* ASSIGNMENT:
Please return all of the records verbatim, with the pictures omitted.

Image-caption web data:
"""
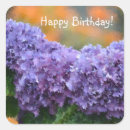 Search for purple hydrangeas stickers Pretty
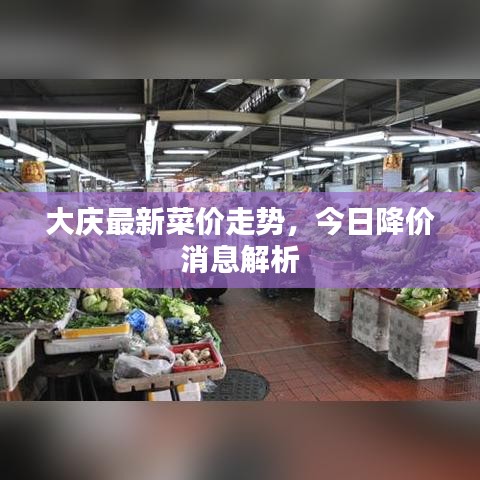 大庆最新菜价走势，今日降价消息解析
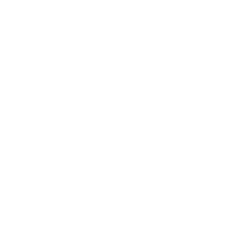 whitedogstudio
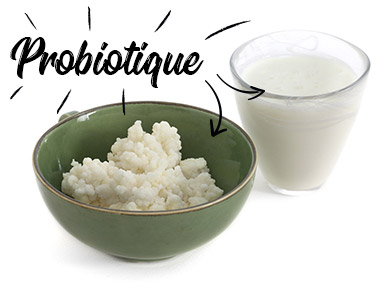 Le Yogourt et Kéfir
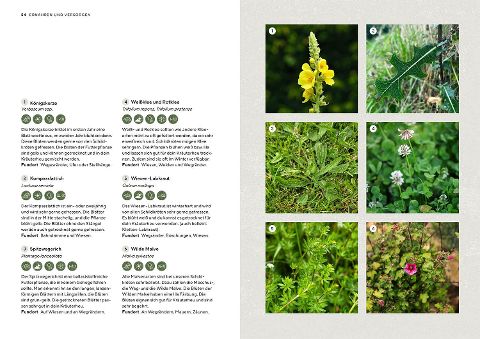 InsideView 4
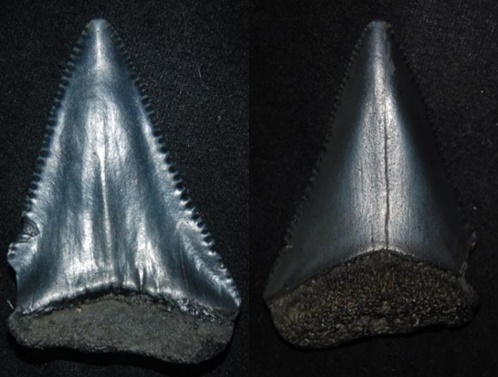 Sharks Tooth 43x29mm O-R.jpg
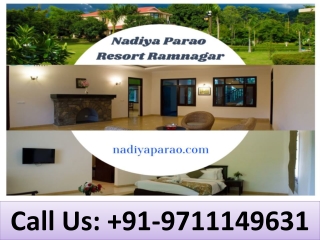 Nadiya Parao Resort Ramnagar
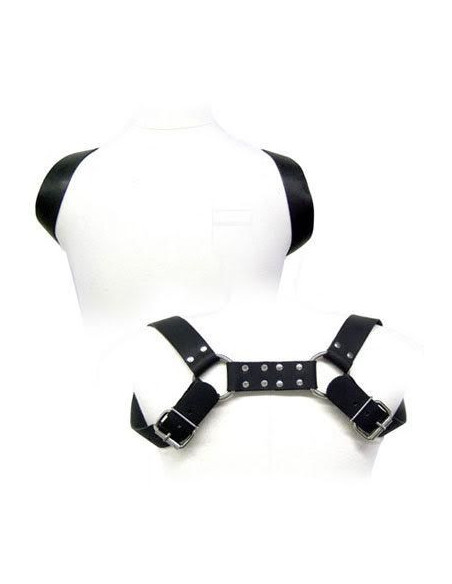 LEATHER BODY – dėklas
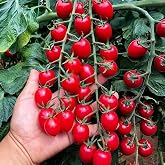 ZEshops Waterfall Tomato Seeds for Planting, 200 Count, Vegetable Garden | Kitchen Patch, Summer Produce, Backyard Growing Projects, Home Harvest Planning, Full Sun, Heirloom Selection, Sowing Trays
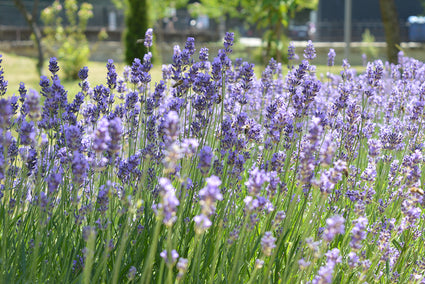 Gewone Lavendel - Lavandula angustifolia 'Phenomenal'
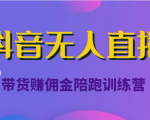 抖音无人直播带货赚佣金陪跑训练营(价值6980元)-一点通资源网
"""
* WRITTEN RESPONSE:
 Search for purple hydrangeas stickers Pretty
 大庆最新菜价走势，今日降价消息解析
 whitedogstudio
 Le Yogourt et Kéfir
 InsideView 4
 Sharks Tooth 43x29mm O-R.jpg
 Nadiya Parao Resort Ramnagar
 LEATHER BODY – dėklas
 ZEshops Waterfall Tomato Seeds for Planting, 200 Count, Vegetable Garden | Kitchen Patch, Summer Produce, Backyard Growing Projects, Home Harvest Planning, Full Sun, Heirloom Selection, Sowing Trays
 Gewone Lavendel - Lavandula angustifolia 'Phenomenal'
 抖音无人直播带货赚佣金陪跑训练营(价值6980元)-一点通资源网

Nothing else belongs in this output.